Chung and Tsai (pictured left to right) founded Zhurosoft in the kitchen of their Seattle apartment in 2009. Gaming wasn't their original focus, they just happened to create a start-up at a time when mobile gaming apps were exploding.

"We thought iPhone apps were a good way to generate some cash flow while we worked on bigger Web projects," Chung says. "Next thing you know, you wake up one day and you've got the game going out and it's making money and feeding everybody." Since being released in early 2010, the company's flagship game, High School Hero, has been downloaded over 1 million times, and its three titles have an average of 100,000 daily active users, Chung says.

Seattle has added gaming to its hub of expertise along with software, online and discount retailing, coffee shops and grunge music. It may be only a matter of time before a game company gains the status of other Seattle-based innovators such as Microsoft, Amazon, Costco and Starbucks. The city's vibrant gaming ecosystem boasted at least 150 gaming companies or corporate divisions and 15,000 employees in 2007, according to the latest estimates from enterpriseSeattle, the economic development organization for the area.
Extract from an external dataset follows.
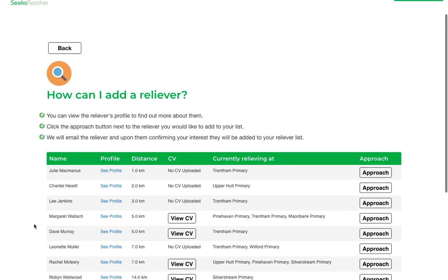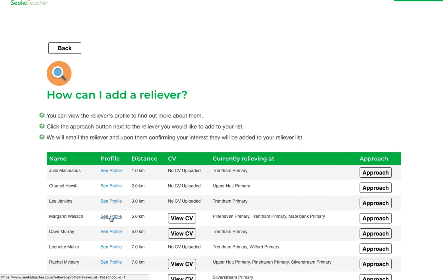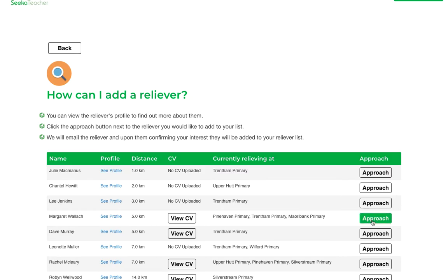You can see the reliever's name and click on their profile, which has their Ministry of Education number and their registration number. You can view their CV, and if you're interested in that reliever working at your school, you click approach and they will be sent an email letting them know.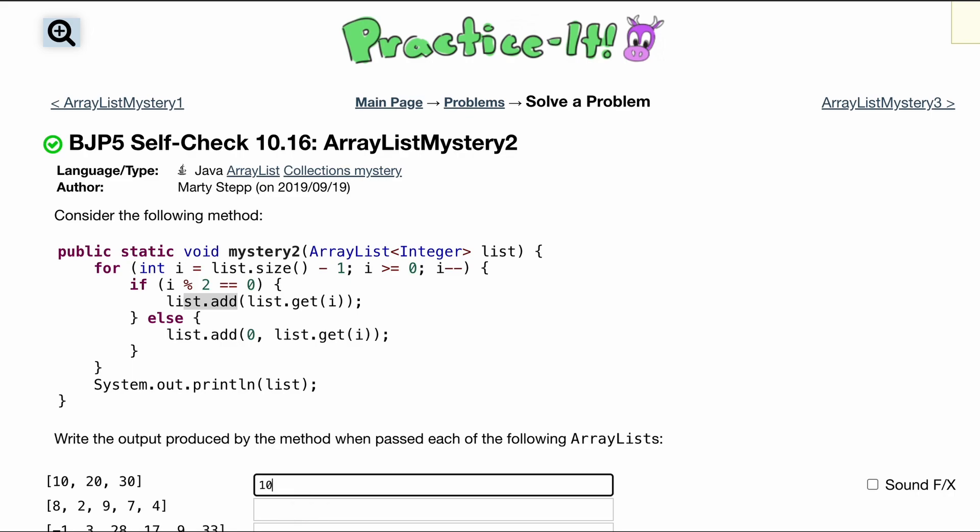Let's code this out right now. So currently this is what it looks like. And then we're going to add the last index, so we're going to have another 30.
A 2010 survey found that of the 75 largest companies, employment had grown 33% from 2007. Those numbers often miss small companies like Zhurosoft, which has eight full-time employees, says Kristina Erickson Hudson, director of the Washington Interactive Network, an economic development organization.

Hudson has been trumpeting Seattle as a gaming mecca since 1995, when she began working as a program manager at the state's Interactive Media Program. Washington has no personal or corporate income tax, she points out, helping make the cost of business much cheaper than in Los Angeles and San Francisco, the West Coast's other big gaming cities. The gaming business has added $8.3 billion into the state's economy, she says.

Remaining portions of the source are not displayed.